** Task input follows **
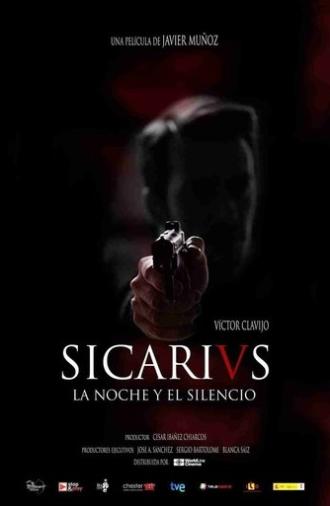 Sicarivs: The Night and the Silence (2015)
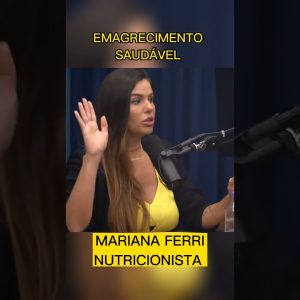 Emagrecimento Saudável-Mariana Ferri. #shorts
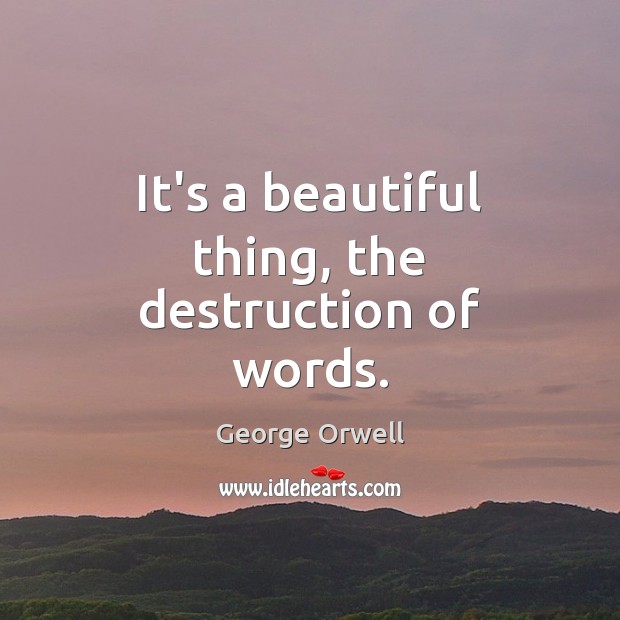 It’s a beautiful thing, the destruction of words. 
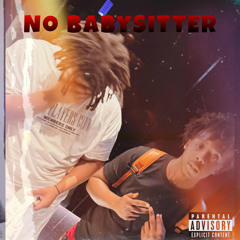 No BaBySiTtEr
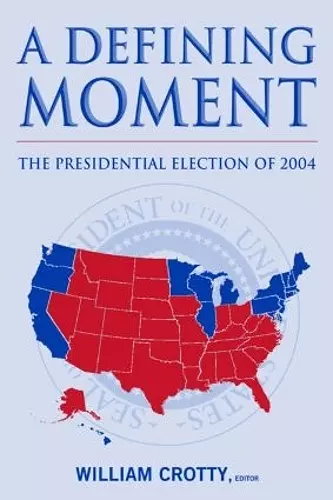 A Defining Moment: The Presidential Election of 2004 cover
** End of Task input **
** Task input follows **
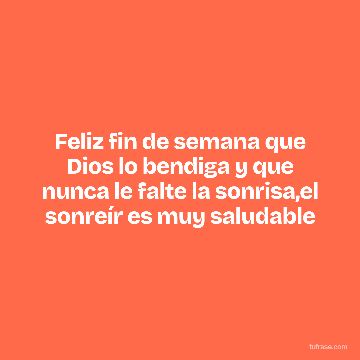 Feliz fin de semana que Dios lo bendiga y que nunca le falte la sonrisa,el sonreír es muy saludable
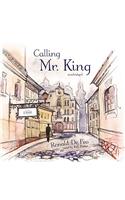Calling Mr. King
** End of Task input **
** Task input follows **
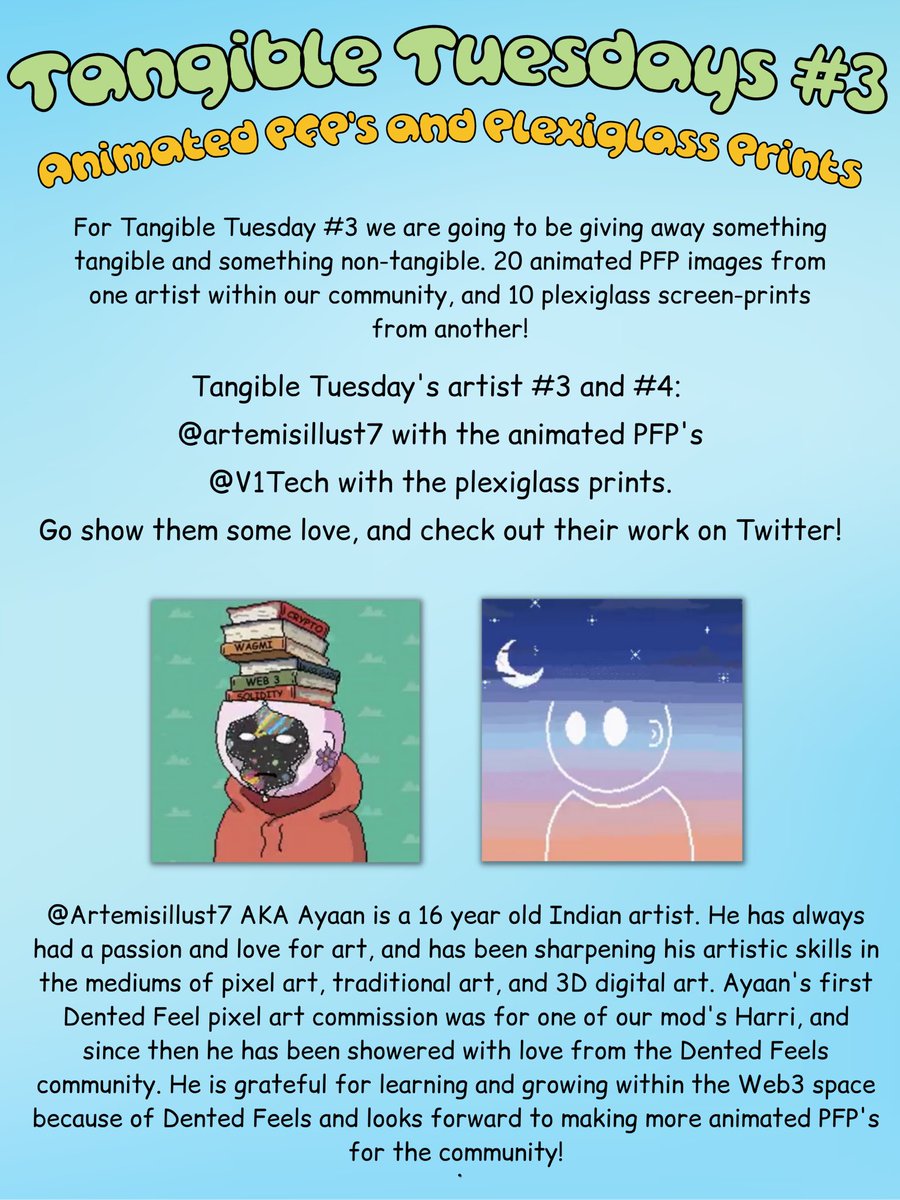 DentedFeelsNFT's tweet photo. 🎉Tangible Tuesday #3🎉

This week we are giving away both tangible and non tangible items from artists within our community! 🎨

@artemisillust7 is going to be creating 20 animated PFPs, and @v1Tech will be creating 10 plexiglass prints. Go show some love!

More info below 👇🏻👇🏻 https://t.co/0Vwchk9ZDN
** End of Task input **
== Task instructions ==
From the records above, extract exactly and only the lines that begin at the line with "This week we" and stop after the line with "More info below 👇🏻👇🏻 https://t.co/0Vwchk9ZDN".

== Written reply ==
This week we are giving away both tangible and non tangible items from artists within our community! 🎨

@artemisillust7 is going to be creating 20 animated PFPs, and @v1Tech will be creating 10 plexiglass prints. Go show some love!

More info below 👇🏻👇🏻 https://t.co/0Vwchk9ZDN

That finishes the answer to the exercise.